Di akhir tahun lalu kantor kami kedatangan tim survei yang dilakukan oleh teman-teman di Bandung High Tech Valley (BHTV). Kuesioner yang diajukan berasal dari salah satu instansi pemerintah daerah (saya lupa, Pemkot Bandung atau Pemda Jawa Barat). Pertanyaan terakhir tentang harapan pelaku bisnis terhadap iklim usaha, di Bandung secara khusus sebagai ibukota Provinsi Jawa Barat dan Indonesia pada umumnya. Bos di kantor — ya, ini UKM, bos sendiri yang menjawab survei — merespon sudah bosan dengan korupsi.
Barangkali ini jawaban klise, namun saya tetap berharap dengan sangat bahwa tidak perlu menjadi pahlawan untuk lantang menolak korupsi, melainkan sepatutnya menjadi keniscayaan sehari-hari. Terutama bagi kami, para pelaku usaha kecil (jika Anda merasa tergerak, langsung ubah menjadi kita!). Korupsi sering menjengkelkan: sudah harus akrobat menyiasati hidup, masih juga dicekik di sana dan di sini dengan pat-gulipat angka. Bahkan pengalaman saya sendiri, secara pribadi, sering sebal dengan tipu-tipu recehan seperti permainan tanda tangan, daftar hadir, dan sejenisnya. Kesannya sepele dan semacam “menipu untuk kebaikan” (white lies), namun mana ada seperti itu? Lebih mengerikan lagi, jika kita menyepelekan suatu bentuk kemungkaran, dampaknya akan menjadi akut dan sudah berbatas sangat tipis dengan kejahatan yang lebih besar lagi.
Bukan, bukan saya sok suci, sudah imun dari hal buruk seperti korupsi. Justru sebaliknya, karena merasakan betapa mengerikan tinggal di negara yang seperti tidak peduli lagi dengan kebusukan lewat korupsi, seringkali masa depan terasa gelap. Seolah-olah kita menganggukkan setuju untuk semua kompromi terhadap keadaan di luar dan kemudian mencari berbagai pembenaran.
Kemarin sore teman-teman di Twitter mulai sedikit gaduh dengan kabar berulang bahwa skor indeks korupsi untuk Indonesia masih mencengangkan (atau malah lumrah!). Tentu saja, mayoritas komentar tersebut — termasuk saya — mengarah pada gaya bahasa sinisme. Semacam ungkapan di buku-buku humor yang menggambarkan paduan antara kepahitan hidup dan kemauan untuk berontak. Karena tetap realistis melihat sedemikian besar kendala untuk membereskannya di lapangan, sinisme itulah barangkali penyegar jiwa. Saya juga yakin bahwa respon yang umum terhadap kelakar seperti itu adalah, “Jangan berputus asa akan harapan,” “Ayo kita coba perbaiki.” Sayangnya, harapan ini lekas kandas terhadap banyak kompromi. Satir-satir kelakar itu juga jika diinsyafi akhirnya kita harapkan menjadi introspeksi terhadap kita sendiri.

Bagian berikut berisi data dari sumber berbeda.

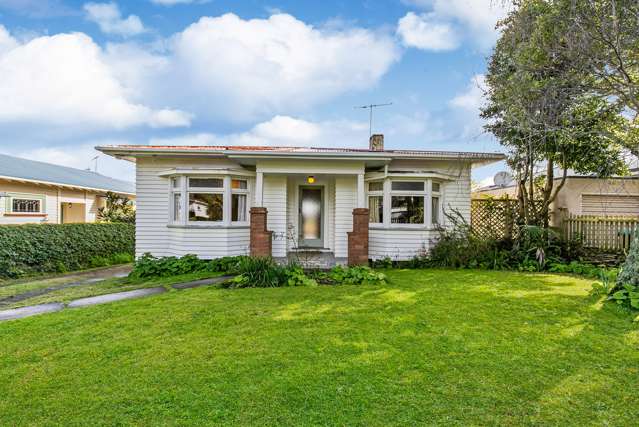 10 Weston Avenue Mount Albert_1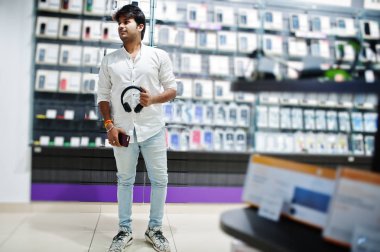 Hintli müşteri alıcı radyo earphones ile cep telefonu mağazasında onun Smartphone-e doğru bağlamak. Güney Asya halkları ve teknolojileri kavramı. Cep Telefonu Dükkanı.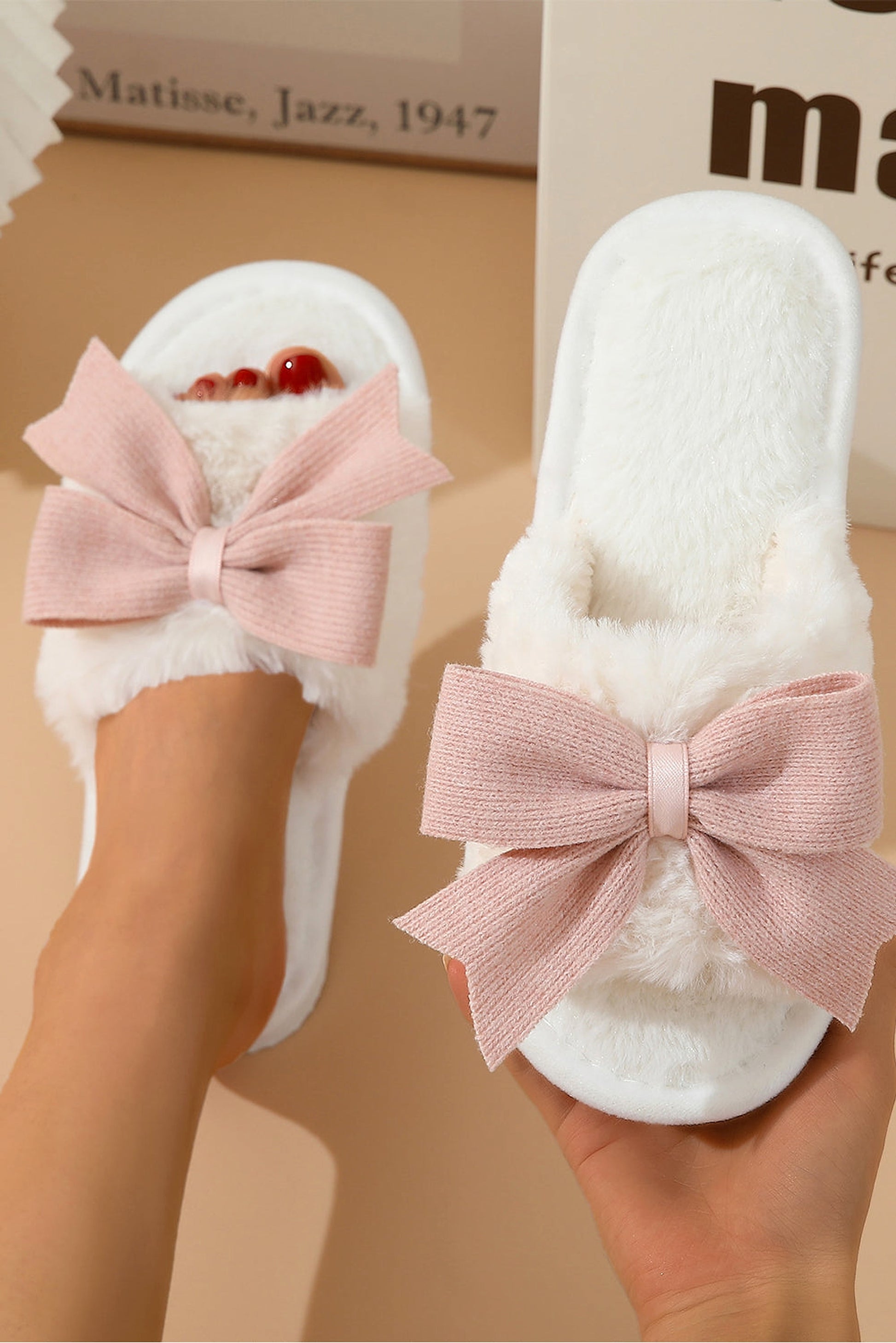 White Bow Knot Decor Open Toe Plush Slippers - enhanced image 1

Walaupun saya menolak gagasan malu sebagai bangsa yang korup (“malu pada tabiat korupnya!”), yang sering membuat prihatin bahwa dalam lingkungan pekerjaan TI korupsi tersebut dapat lebih brutal. Jika konstruksi bangunan megah dirobohkan masih menimbulkan gaung suara di mana-mana, menghancurkan satu aplikasi cukup dengan satu perintah, sekian menit, atau bahkan detik! Tanpa suara berarti, dan dilakukan dengan tangan dingin (karena di ruang khusus server bersuhu 18°C!).
Tidak perlu saya paparkan dengan rinci di sini, karena dalam banyak kasus malah cukup gamblang, walau seringkali tidak terjangkau oleh penegak hukum dan dilewatkan begitu saja secara etis.
Memprihatinkan. Mengerikan.
Kuesioner di atas saya juga tidak tahu bagaimana nasibnya: baik untuk respon pertanyaan teknis atau usulan yang bersifat motivasi seperti ihwal korupsi ini.